I just noticed this *Cool* article... ;)
Oh I like that! ;-)
--
Bill
Asus EEE PC 701G4 ~ 2GB RAM ~ 16GB-SDHC
>It is ashamed you don't have anything to measure the temperature with.
Yes, I wish I had a way to accurately measure the surface temperature
so we could compare. I probably need one of those surface
thermometers. Maybe I could sneak the Surf into Home Depot and use the
demo??
>As I really believe we have different opinions on what we call hot.
That could very well be. Here in Phoenix we often are over 110 degrees
in the summer and yes I do call that hot... ;)
>While the battery capacity rating between your two, the 1000HD
>has a higher rated battery voltage, right?
Both batteries are 7.4V (4400 mAh). In fact their outside dimensions,
including the curves, are identical. Course Asus put a different
connector in each so I can't interchange them...
What would you do if you thought you had the flu? My guess is that you
do have a temperature measuring device.
I have been checking the temperatures of both Asus and my Toshiba
2595XDVD laptops. Those Toshiba laptops I always thought of being hot.

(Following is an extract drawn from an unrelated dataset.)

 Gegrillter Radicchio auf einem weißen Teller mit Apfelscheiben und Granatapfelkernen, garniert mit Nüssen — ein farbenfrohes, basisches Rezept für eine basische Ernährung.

Although they only read 110F at a few spots. Only when the fan kicks on
high, I can read 130F coming out of the fan. The Asus netbooks, the
highest I read is 110F. And not much difference if I am running Linux or
Windows XP. So maybe the Asus 700/701/702 *does* run hot. ;-)
--
Bill
Asus EEE PC 702G4 ~ 2GB RAM ~ 16GB-SDHC
Xandros Linux (build 2007-10-19 13:03)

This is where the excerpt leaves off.